Une mobilisation des forces politiques pour sortir le Liban de l’enfer de la guerre et restaurer la souveraineté de l’État qui n’est pas sans risque, le parrain iranien du Hezbollah n’entendant pas lâcher prise.

Recadrage iranien

Alors qu’à Beyrouth, les appels à un cessez-le-feu immédiat se multipliaient, la République islamique d'Iran a dépêché, le 4 octobre, son ministre des Affaires étrangères au Liban, pour une visite qui a été interprétée localement comme une séance de recadrage des responsables libanais.

Téhéran soutient "les efforts pour un cessez-le-feu, à condition que, premièrement, les droits du peuple libanais soient respectés, et qu'il soit accepté par la Résistance [référence au Hezbollah, NDLR]", et qu’il intervienne "simultanément avec un cessez-le-feu à Gaza", a en effet asséné le chef de la diplomatie iranienne, Abbas Araghchi.

Face à un Hezbollah vacillant, la classe politique libanaise tente de réanimer l'État

"Un certain visiteur au Liban veut nous donner des leçons en matière de résistance, a alors répliqué avec agacement Walid Joumblatt. C’est nous qui pouvons lui administrer ces leçons, pas lui, car nous avons une histoire riche dans ce domaine."
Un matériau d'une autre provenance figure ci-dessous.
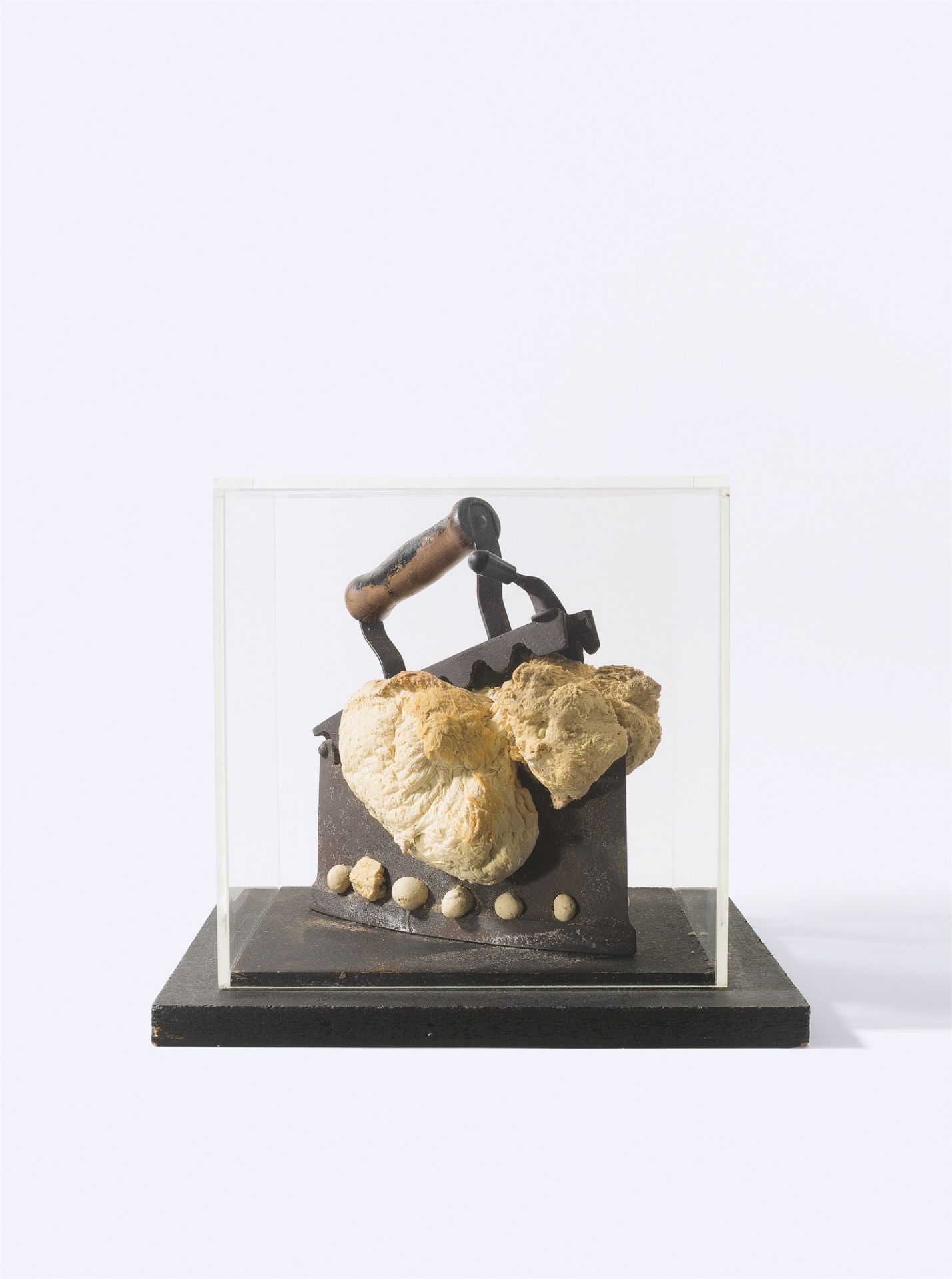 Daniel Spoerri. Bügeleisen mit Teig. 1970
Lors d’un entretien accordé à la chaîne saoudienne Al-Arabiya, le ministre libanais de l’Économie, Amine Salam, a de son côté qualifié le 8 octobre d’"inacceptable qu’un pays étranger dicte au Liban ce qu’il doit faire ou ne pas faire".

"L'Iran a beaucoup trop investi dans le soutien au Hezbollah au cours de ces quarante dernières années pour accepter que ce mouvement soit totalement paralysé du jour au lendemain, souligne Karim Émile Bitar. Il était censé être le joyau de la couronne, son bras armé le plus puissant et il devait être une assurance-vie pour le régime iranien qui pensait s'en servir si ses propres installations nucléaires étaient ciblées, si sa propre survie était menacée."
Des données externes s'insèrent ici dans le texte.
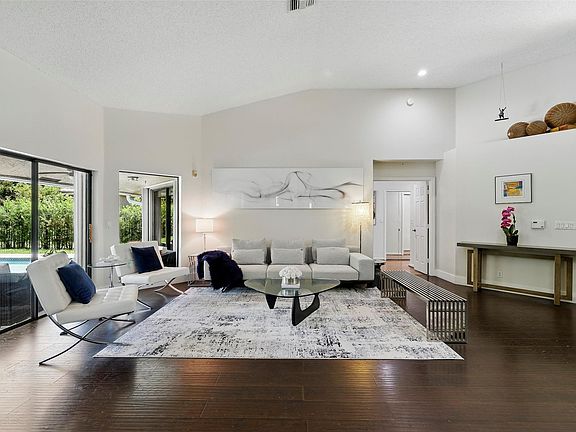 4th image of 1119 Creekford Drive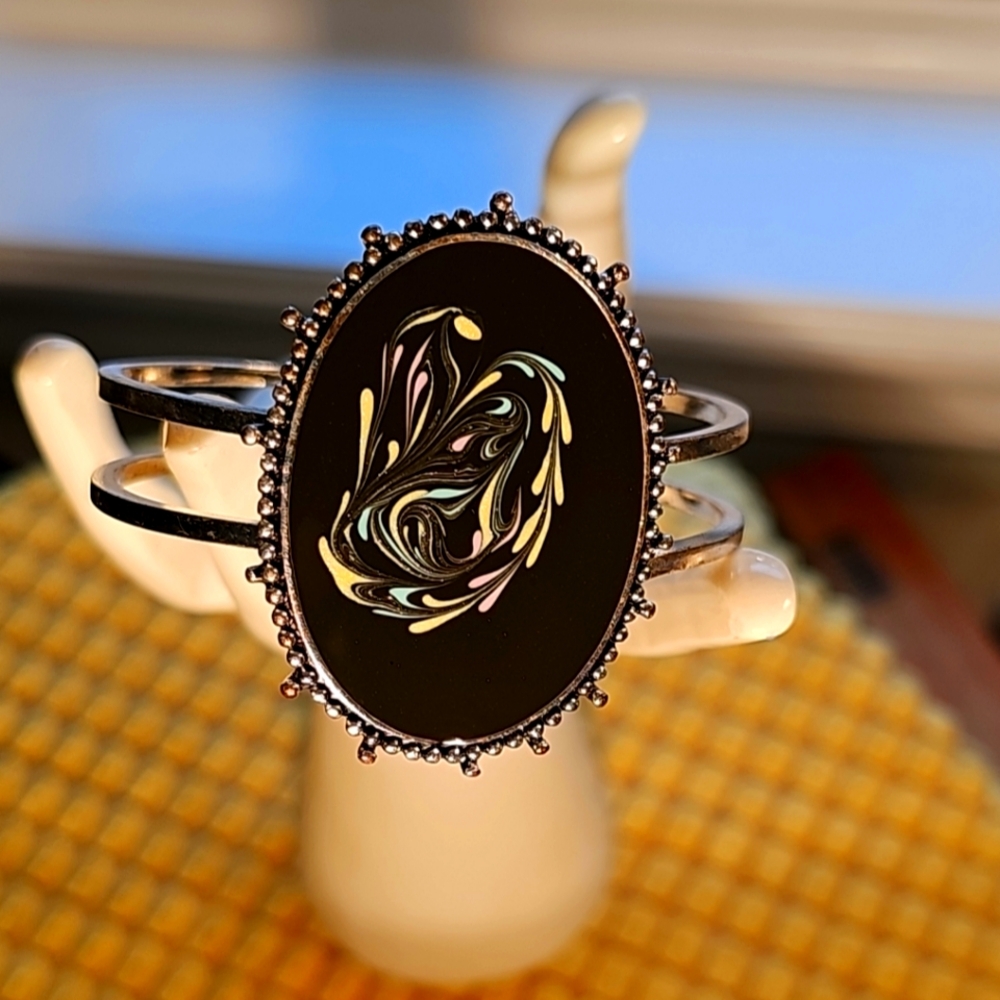 Faux Black Onyx Cuff Bracelet Bohemian Swirl Costume Jewelry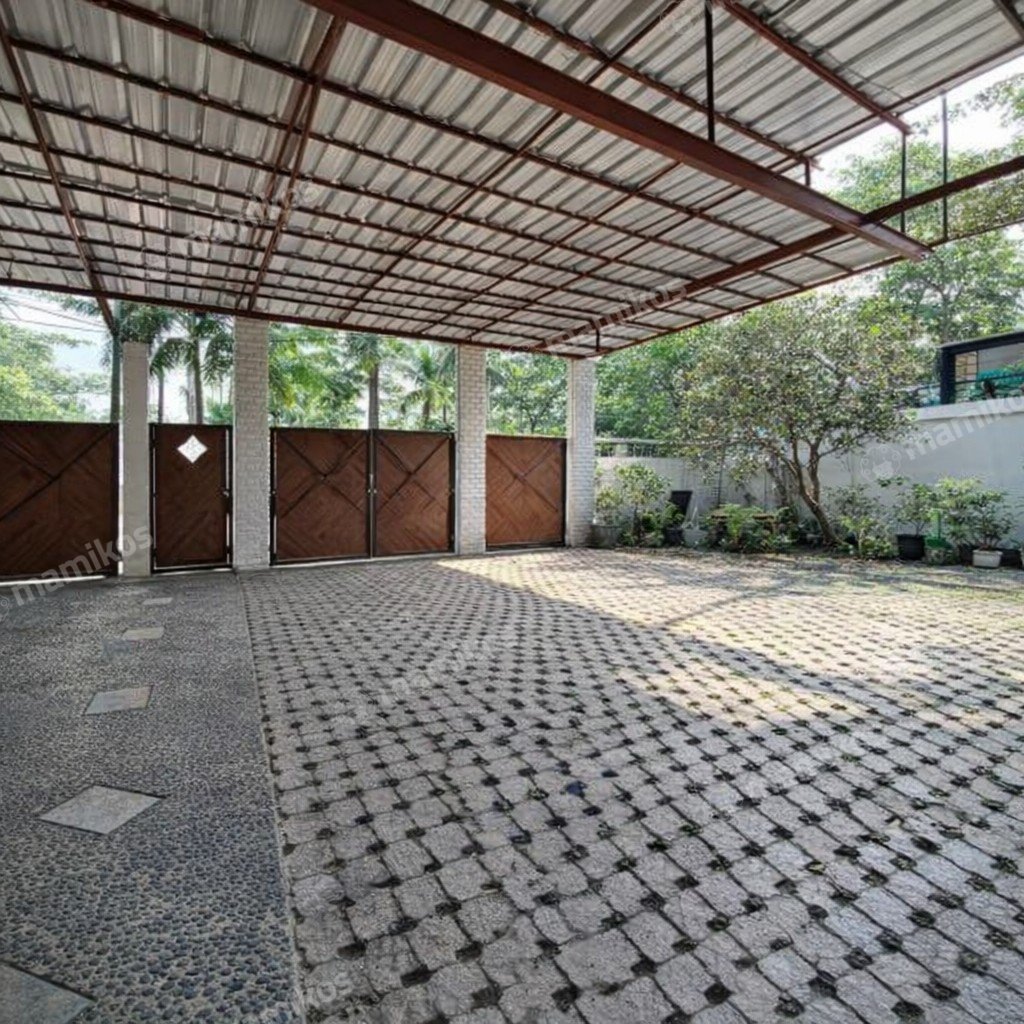 Rumah Sertifikat SHM 3 Kamar Tidur 3 Kamar Mandi Kebayoran Baru Jakarta Selatan - Photo 2
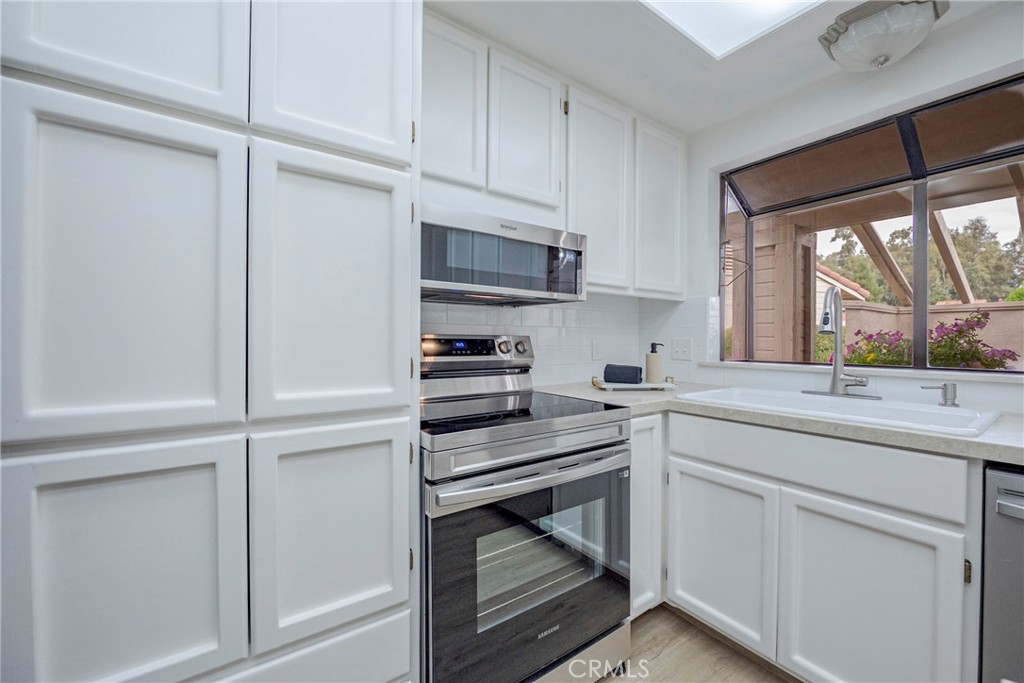 1328 Paseo Redondo Dr, Merced, CA 95348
Au-delà des ingérences étrangères, il existe aussi, à l’intérieur même du pays, un risque réel de marginalisation du Hezbollah et de ses partisans, qui pourrait provoquer une réaction voire même une radicalisation du parti pro-iranien sur la scène intérieure.

"Il ne faut pas exclure le risque de voir la guerre en cours dégénérer et se transformer en affrontements interlibanais, prévient Karim Émile Bitar. Car si les armes lourdes du Hezbollah ont peut-être été en grande partie neutralisées, ce parti dispose encore de suffisamment de moyens de répression en interne, et sa capacité de nuisance sur la scène politique intérieure demeure significative."

Et de conclure : "Dans le passé, le Hezbollah s'est montré particulièrement dangereux lorsqu'il avait le dos au mur, et aujourd’hui, avec les événements en cours et sa paranoïa actuelle, il peut avoir la tentation de faire un étalage de puissance pour montrer qu’il est encore capable de rester la puissance dominante au Liban."